ICP and BET Surface Area Analyses for Different Prepared Catalysts and the Support

	ICP (wt %) fresh catalysts		ICP (wt %) used catalysts
support/catalyst	Mn	Pb	Mn	Pb	surface area (BET) (m2 g–1)	pore volume (cm3 g–1)	average pore diameter (nm)
monolith					35.75	0.12	4.72
wash-coated monolith (WMon)					51.23	0.27	6.31
0Pb8Mn-WMon	7.27		7.19		27.86	0.14	6.59
0.5Pb8Mn-WMon	7.41	0.46			33.95	0.18	6.83
1Pb8Mn-WMon	7.65	0.94			43.72	0.23	6.74
1.5Pb8Mn-WMon	7.73	1.33	7.67	1.31	40.16	0.21	6.95
2Pb8Mn-WMon	7.68	1.89			35.57	0.17	6.71
2.5Pb8Mn-WMon	7.62	2.41			29.82	0.12	6.63

According to the BET results, wash coating the support increases the surface area, pore volume, and pore diameter that are due to the high surface area of porous alumina, which is established by micro/mesopores.[18] By adding manganese, the surface area and pore volume decrease from 51.23 to 27.86 m2 g–1 for WMon and 0.27 to 0.14 m3 g–1 for 0Pb8Mn-WMon. This decrease denotes that some pores of the wash-coated layer are blocked by manganese oxide clusters. This is because the surface area of catalysts and pore volume are increased by adding Pb2+, which may be due to the different spreading of Pb2+ and manganese oxide on the wash-coated monolith that prevents manganese oxide-phase sintering and pore blockage.[19] This result reflects the structural promoting effect of Pb2+ on the manganese catalyst. Among the prepared catalysts, the 1Pb8Mn-WMon catalyst gives the highest surface area and pore volume. Further, according to the BET results, the average pore diameter increases by loading Pb2+. This can be attributed to the blockage of small pores or forming a new manganese oxide porous layer on the support surface. Thus, the average pore diameter becomes larger than that of the manganese oxide-only catalyst.
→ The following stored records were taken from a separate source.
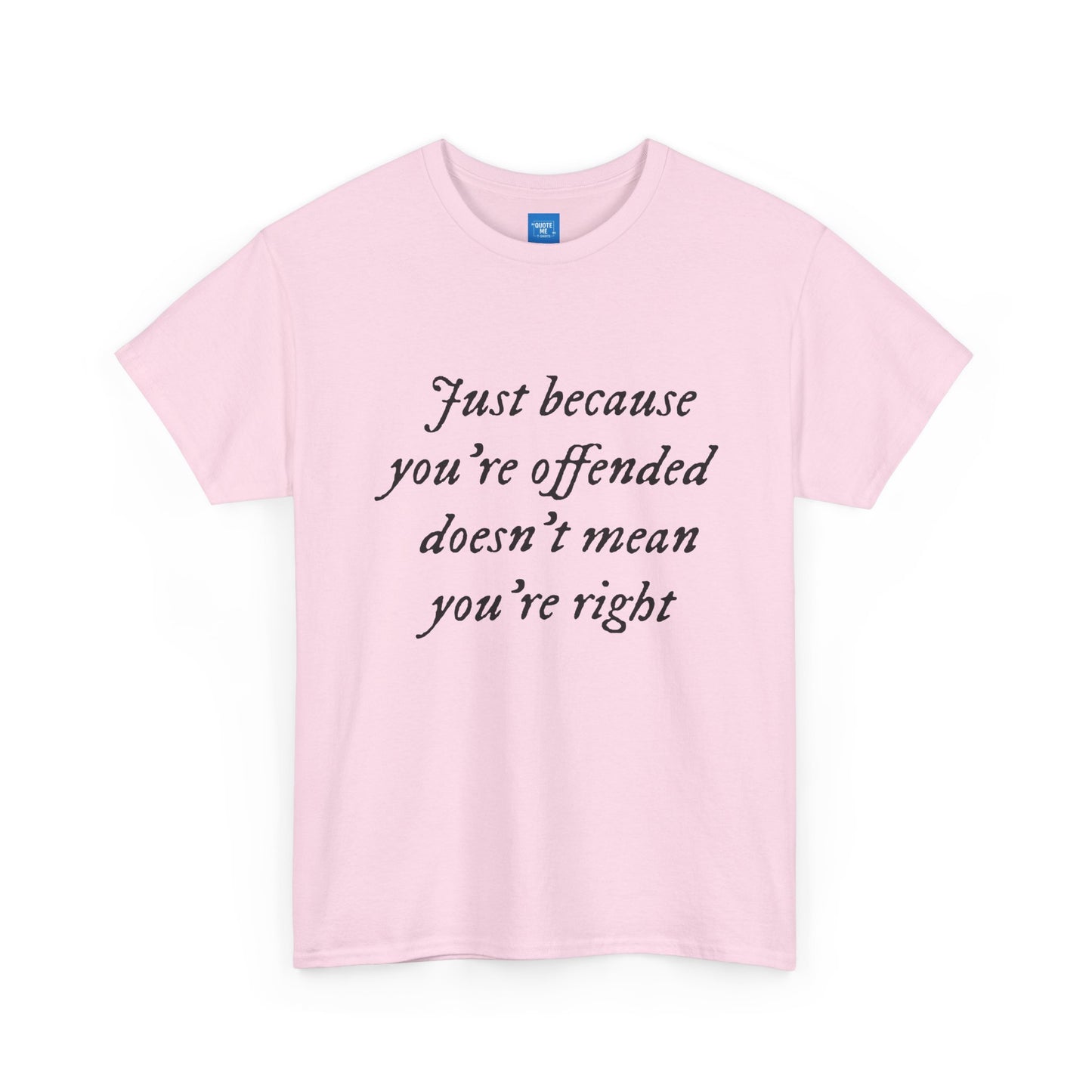 Provocative Graphic Tee, Edgy Tee Shirt, Bold Graphic Tee, Unisex Tee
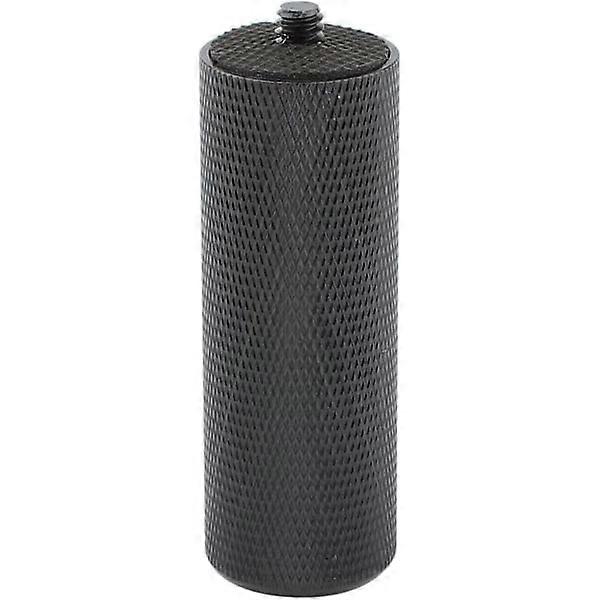 カメラスタビライザーグリップ一眼レフデジタル一眼レフフィールドモニターLCD、LEDフラッシュ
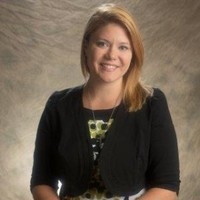 McKee Insurance Employee Amanda Lewis's profile photo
The XRD pattern of the lead-free catalyst shows peaks related to Mn2O3 and different crystalline phases of MnO2, marked in Figure .[20] Since the matrix and the synthesis method of catalysts and the used XRD device were the same for all the samples, the intensity of peaks can be used to make a relative comparison of the phases in the catalysts. By adding Pb2+, the peak intensity of MnO2 phases increases, while that of Mn2O3 decreases. In fact, the decrease of Mn2O3 peak intensity is attributed to the structural promoting effect of Pb2+, which causes better manganese dispersion and, in turn, improves the accessibility of the manganese metal to the present surrounding oxygen during preparation and changing the manganese state form Mn2O3 to MnO2.[21] Comparing XRD patterns of 0Pb8Mn-WMon and 0.5Pb8Mn-WMon indicates an increase in the α-MnO2 peak intensity and the formation of a new PbMn8O16 phase (coronadite) where x is the number of Pb2+, determined by ICP, per the structural formula of Mn8O16 in the prepared catalysts (0.12 < x < 0.64). Indeed, the Pb2+ template can provide anchoring and nucleation sites for MnO6 units to form α-MnO2 large tunnels during the synthesis, then Pb2+ is absorbed in the α-MnO2 tunnel, and the coronadite phase is formed.[14,22] The α-MnO2 peak intensity increases with Pb2+ loading up to 1.5 wt % and then decreases, while the intensity of PbMn8O16 was constant after 1.5 wt %. Further, a new peak at 2θ = 53.2° appears for 1.5Pb8Mn-WMon and 2Pb8Mn-WMon catalysts, which is attributed to the PbO phase according to the X’pert reference database.[23] This matter can happen because (a) almost the entire support surface has been occupied by α-MnO2 and there has been no enough space for new α-MnO2 tunnels to absorb Pb2+ ions and (b) α-MnO2 reaches a maximum capacity of Pb2+ absorption. Under this condition, some of the Pb2+ ions are stable on the surface as a PbO phase, which occupies parts of the support surface and shows an adverse effect on the manganese dispersion. This could increase the probability of manganese agglomeration and thus Mn2O3 phase formation, which appears in XRD patterns.

Figure 1

XRD patterns of the different prepared catalysts.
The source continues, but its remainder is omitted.